The same is true for technology, I would guess. Long days spent in isolation, writing code and perfecting software, have given us the ability to communicate with people anywhere in the world in a nanosecond.

The technology revolution has provided a golden opportunity to improve higher education and expand its reach. Now, we must make it more accessible, affordable, and accountable.

But we no longer have the luxury of being isolated, as we once did. We cannot learn from the past without a vision of a future—a vision both expansive and inclusive—a vision based on individual choice and need.

That's why, in 2005, I convened a Commission on the Future of Higher Education to take advantage of this golden opportunity.

We invited the best and brightest leaders from academia, the private sector, and government to develop a plan for the future—including Microsoft's Gerri Elliott.

The report, "A Test of Leadership," called for universities and colleges to change from "a system primarily based on reputation to one based on performance."

It got a lot of attention and commentary. Some said, "We've been doing this a lot longer than you"—and they were right! Some universities in America are more than three centuries old.

Some said, we have "the best system of higher education in the world"—a boast we hear so often that we often forget how hard other nations are working to compete.

And a few people said, "Please don't tell me how to do my job. I know how to do it."

I would agree that we have done a good job of educating society's elite. We've been good at advancing opportunity for people who were afforded it at birth. But that alone is no longer our only work.

Now, we must do more, much more. I do not want to tell universities how to do their job. But, as Secretary of Education, I do want to let them know what we at the federal level expect as a one-third investor—a true partner—in American higher education. We expect them:

To knock down barriers and change habits which inhibit progress;

To build human capital by educating more people from diverse economic and cultural backgrounds;

To use technology and innovation to advance change and empower students; and

To continue our emphasis on excellence in research and scholarship, as well as nurture and cultivate partnerships with private and philanthropic sectors.

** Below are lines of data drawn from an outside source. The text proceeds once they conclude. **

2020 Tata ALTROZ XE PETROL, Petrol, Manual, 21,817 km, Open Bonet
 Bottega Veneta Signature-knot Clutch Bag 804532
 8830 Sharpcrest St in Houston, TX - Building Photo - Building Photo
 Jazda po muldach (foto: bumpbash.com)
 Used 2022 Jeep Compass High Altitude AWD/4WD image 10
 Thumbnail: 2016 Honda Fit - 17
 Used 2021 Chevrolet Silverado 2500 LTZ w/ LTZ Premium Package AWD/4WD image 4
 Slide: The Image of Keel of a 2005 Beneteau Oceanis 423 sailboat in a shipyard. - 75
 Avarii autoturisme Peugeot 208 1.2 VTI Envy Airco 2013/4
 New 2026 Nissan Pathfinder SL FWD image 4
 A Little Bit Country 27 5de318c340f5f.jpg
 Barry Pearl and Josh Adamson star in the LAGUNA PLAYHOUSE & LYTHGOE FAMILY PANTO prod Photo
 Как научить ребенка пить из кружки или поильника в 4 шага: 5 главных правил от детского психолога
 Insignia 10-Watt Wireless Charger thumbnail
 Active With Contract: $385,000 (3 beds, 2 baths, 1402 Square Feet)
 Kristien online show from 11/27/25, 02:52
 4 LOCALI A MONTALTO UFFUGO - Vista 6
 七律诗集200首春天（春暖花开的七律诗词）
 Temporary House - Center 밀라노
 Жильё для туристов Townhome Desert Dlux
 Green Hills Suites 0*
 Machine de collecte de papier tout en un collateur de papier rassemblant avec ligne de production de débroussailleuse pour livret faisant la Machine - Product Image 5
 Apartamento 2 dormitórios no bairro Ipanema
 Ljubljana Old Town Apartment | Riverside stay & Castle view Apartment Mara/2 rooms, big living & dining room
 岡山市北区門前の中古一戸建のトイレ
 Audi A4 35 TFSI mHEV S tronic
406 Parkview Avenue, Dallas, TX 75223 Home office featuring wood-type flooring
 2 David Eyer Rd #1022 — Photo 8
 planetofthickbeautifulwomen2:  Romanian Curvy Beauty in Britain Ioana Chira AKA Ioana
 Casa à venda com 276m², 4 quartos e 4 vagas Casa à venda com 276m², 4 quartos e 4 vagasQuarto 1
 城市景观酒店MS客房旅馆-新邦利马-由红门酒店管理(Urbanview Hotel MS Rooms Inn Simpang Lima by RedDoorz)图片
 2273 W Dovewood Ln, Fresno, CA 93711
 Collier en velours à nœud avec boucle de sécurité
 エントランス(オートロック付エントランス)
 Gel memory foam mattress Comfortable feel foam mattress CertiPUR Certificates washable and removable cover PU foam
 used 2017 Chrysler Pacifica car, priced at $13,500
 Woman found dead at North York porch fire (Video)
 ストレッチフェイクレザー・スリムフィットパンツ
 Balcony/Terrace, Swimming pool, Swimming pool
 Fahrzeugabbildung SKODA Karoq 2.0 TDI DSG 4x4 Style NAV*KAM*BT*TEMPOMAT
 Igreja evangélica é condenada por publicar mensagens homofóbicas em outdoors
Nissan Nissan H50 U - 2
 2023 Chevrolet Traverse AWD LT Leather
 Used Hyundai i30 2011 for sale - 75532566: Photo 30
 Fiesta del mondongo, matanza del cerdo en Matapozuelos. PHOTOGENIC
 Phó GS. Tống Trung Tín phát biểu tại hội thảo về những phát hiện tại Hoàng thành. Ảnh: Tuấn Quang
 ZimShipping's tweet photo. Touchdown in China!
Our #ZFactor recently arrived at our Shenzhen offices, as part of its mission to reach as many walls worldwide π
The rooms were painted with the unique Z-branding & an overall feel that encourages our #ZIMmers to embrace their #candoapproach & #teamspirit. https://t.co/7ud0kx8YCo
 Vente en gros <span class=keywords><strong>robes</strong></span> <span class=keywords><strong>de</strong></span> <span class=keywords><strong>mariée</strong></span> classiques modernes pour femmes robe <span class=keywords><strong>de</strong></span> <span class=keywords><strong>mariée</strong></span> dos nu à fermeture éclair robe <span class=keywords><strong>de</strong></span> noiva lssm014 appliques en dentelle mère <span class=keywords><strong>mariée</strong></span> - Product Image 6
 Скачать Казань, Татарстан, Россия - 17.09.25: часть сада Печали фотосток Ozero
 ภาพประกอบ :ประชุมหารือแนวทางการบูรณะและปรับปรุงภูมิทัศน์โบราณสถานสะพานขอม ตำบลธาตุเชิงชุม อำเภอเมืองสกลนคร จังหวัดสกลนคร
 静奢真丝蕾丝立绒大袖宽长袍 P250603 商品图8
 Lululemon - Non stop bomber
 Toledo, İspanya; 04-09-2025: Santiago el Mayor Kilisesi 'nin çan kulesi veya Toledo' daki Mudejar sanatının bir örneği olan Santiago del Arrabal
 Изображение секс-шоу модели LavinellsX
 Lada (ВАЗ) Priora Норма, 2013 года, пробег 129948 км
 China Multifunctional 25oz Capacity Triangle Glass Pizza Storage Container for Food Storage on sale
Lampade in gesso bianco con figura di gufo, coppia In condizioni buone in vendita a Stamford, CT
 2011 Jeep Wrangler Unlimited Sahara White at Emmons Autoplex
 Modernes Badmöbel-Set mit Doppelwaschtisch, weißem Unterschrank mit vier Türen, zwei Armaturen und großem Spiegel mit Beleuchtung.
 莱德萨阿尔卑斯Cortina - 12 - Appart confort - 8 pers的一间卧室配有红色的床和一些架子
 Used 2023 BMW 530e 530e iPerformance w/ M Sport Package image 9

Higher ed must become more agile, informative, and student-centered. That is the only way to achieve sustainable success, as this conference contemplates.

And so I have urged our colleges and universities to adopt my Higher Education Commission's recommendations as soon as possible.

These recommendations include greater collaboration and alignment of coursework between colleges and high schools. We need freshmen prepared to succeed, not saddled with expensive, time-consuming remedial classes.

Another recommendation is to focus on non-traditional learners, such as adults returning to school to gain an edge in the competitive global economy.

We also must place a greater emphasis on community college students.

These are often students who work while attending school. Community colleges have pioneered flexible and agile learning opportunities, based on technology, and tailored to consumer demands and local workforce needs. That is why roughly half of our 14 million undergraduates are enrolled in them.

Above all, we need more information and transparency in higher education.

While helping my daughter choose a college a few years ago, I found plenty of guides on the best "party schools," but none on the "best prospects for opportunity after graduation," for example.

We can shop for a car online, and find out price, gas mileage, even the number of cupholders. But it is often difficult to find out the true cost of a four-year degree or the average length of time it takes to get one.

I believe that a portion of ever-rising tuition costs should be invested in better data and information systems that can make choosing the right school a "point-and-click" exercise—easier and more accessible.

I know you feel the same way. UNESCO has launched a new portal that will provide comparative, up-to-date information on higher education in different countries.

It's time to get out of our comfort zone, to throw open the gates of academia and start collaborating with others to make things better.

I am optimistic we can make it happen. Why? Because we are doing it now—by preparing our young students, in primary and secondary school, to succeed in college and in life.

Six years ago, President Bush signed the No Child Left Behind Act into law. It does not tell schools how to do their job. But it does let them know what is expected from them.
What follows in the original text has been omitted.